- Pitcher, outfielder
- Born: December 29, 1940 Windsor, Ontario, Canada
- Died: May 22, 2024 (aged 83)
- Batted: LeftThrew: Left

MLB debut
- April 16, 1967, for the Chicago Cubs

Last MLB appearance
- September 25, 1968, for the Chicago Cubs

MLB statistics
- Win–loss record: 0–1
- Strikeouts: 4
- Earned run average: 5.40
- Batting average: .308
- Stats at Baseball Reference

Teams
- Chicago Cubs (1967–1968);

= John Upham =

Canadian baseball player (1940–2024)

John Leslie Upham (December 29, 1940 – May 22, 2024) was a Canadian relief pitcher and outfielder in Major League Baseball who played in 1967 and 1968 for the Chicago Cubs.

== Biography ==
Listed at 6 ft 0 in, 180 lb, Upham batted and threw left-handed.

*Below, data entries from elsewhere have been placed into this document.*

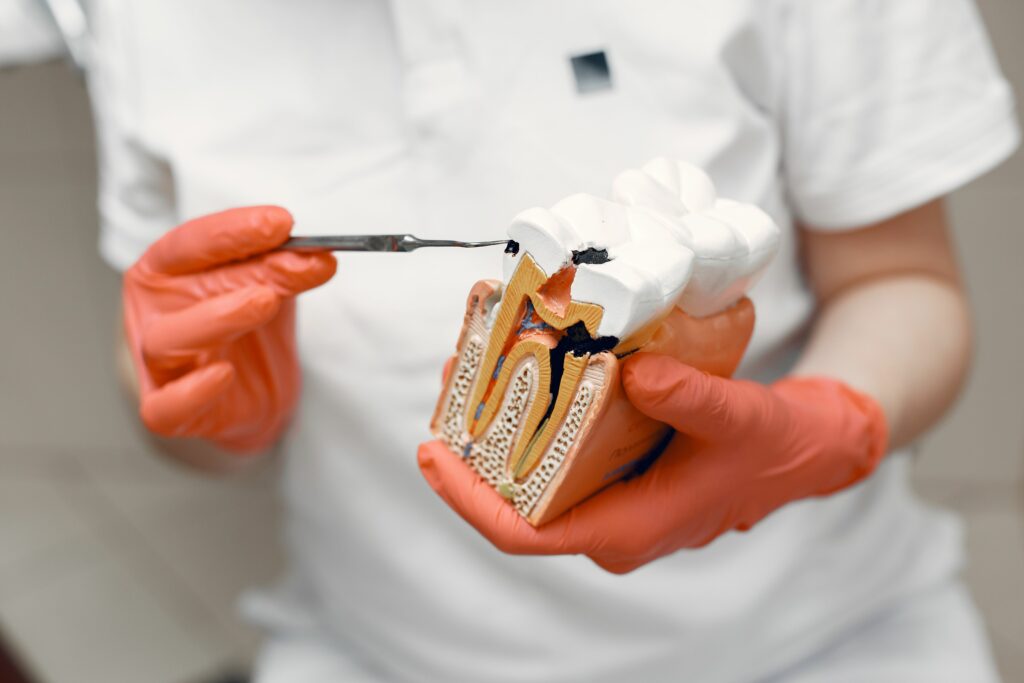 femme portant une maquette représentant une dent carriée - ares dental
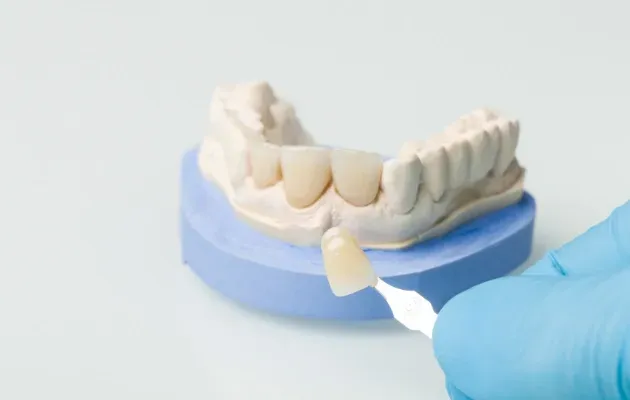 Résultat de facettes dentaires en céramique réalisées par le Dr Belgmair Omar à Marrakech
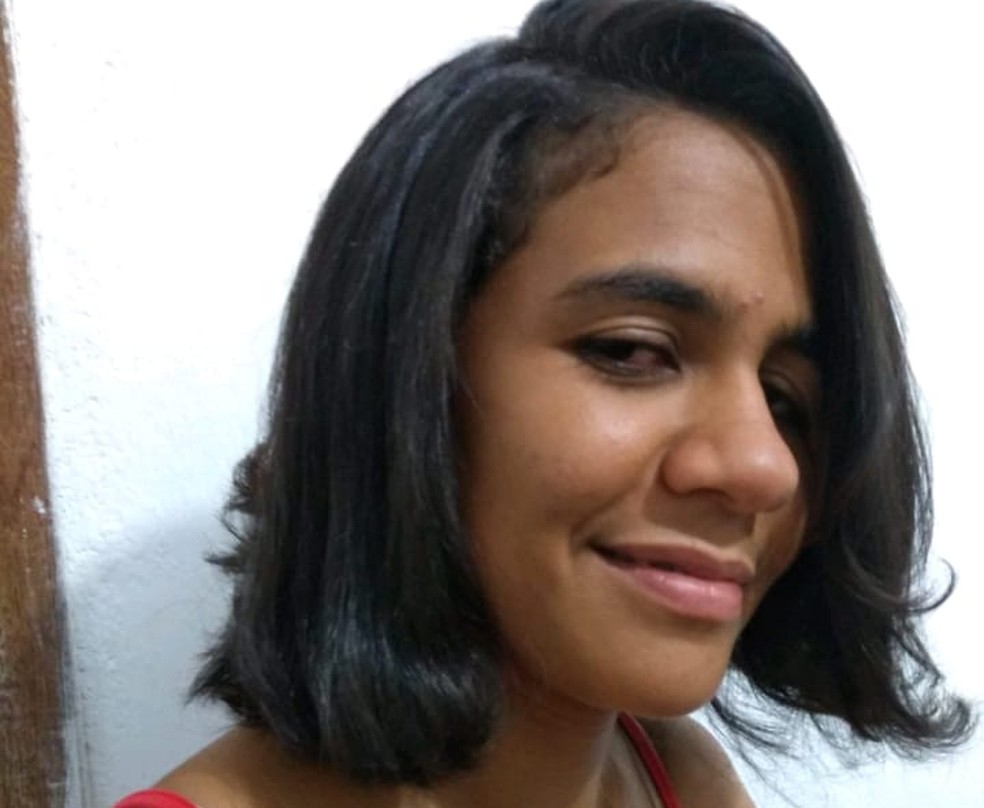 Morre No Recife Mulher Que Tinha No Rosto Tumor Raro Do Tamanho Da Cabeca Pernambuco G1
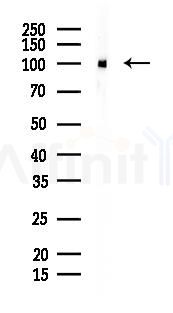 ACTN3 Recombinant Rabbit mAb - Western blot analysis of lysates from Rat lung, using ACTN3 Recombinant Rabbit mAb at 1/1000 dilution.
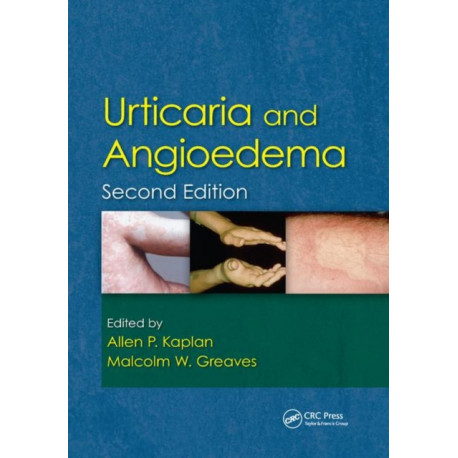 Urticaria and Angioedema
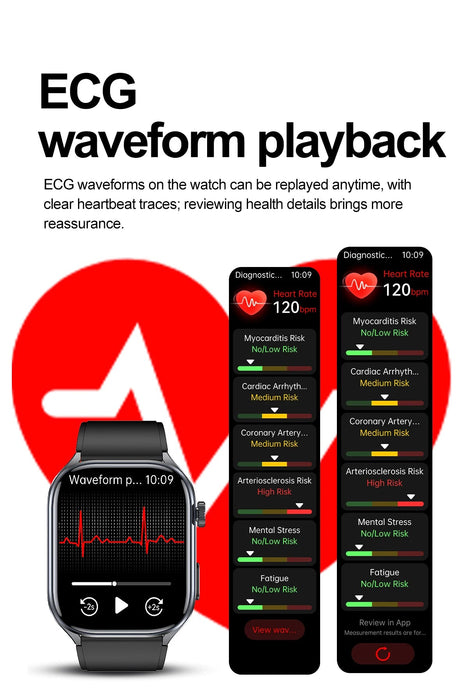 Health Smartwatch – ECG & AI Five-Organ Monitoring SF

Upham was born in Windsor, Ontario, Canada on December 29, 1940.

In his first major league season, Upham appeared in five games as a relief pitcher, and three as a pinch hitter. He was notably more successful as a pinch hitter (2-for-3) than as a pitcher (33.75 ERA). All three of his batting appearances were as a pinch hitter in games where he did not appear as a pitcher, and he did not play a fielding position in those three games. Although Upham opened the season with the Cubs, he was sent down to the minor leagues in May and did not return to the majors that year.

Over a year later, in August 1968, Upham returned to the big leagues for 13 additional games with the Cubs. This time, Upham was primarily used as a pinch hitter and pinch runner, but was also used as an outfielder and as a pitcher where he appeared in two games as pitcher and in two games as an outfielder. For one of those outfield appearances, Upham was a late-inning defensive replacement in left; for the other, he got the start in center field on August 18 and played the entire game at that position. This made Upham the last "two-way player" in the major leagues (i.e., a player used regularly in non-blowout/non-extra-inning games as both a pitcher and a fielder in the same season) for 35 years. Brooks Kieschnick was the majors' next two-way player, for Milwaukee in 2003.

In a two-season career, Upham was a .308 hitter (4-for-13), scoring one run in 21 games. He did not register an extra-base hit, and did not drive in a run. In seven relief appearances, Upham posted an 0–1 record with a 5.40 ERA, giving up five earned runs on six hits and five walks, while striking out four in 81/3 innings of work.

Upham died on May 22, 2024, at the age of 83.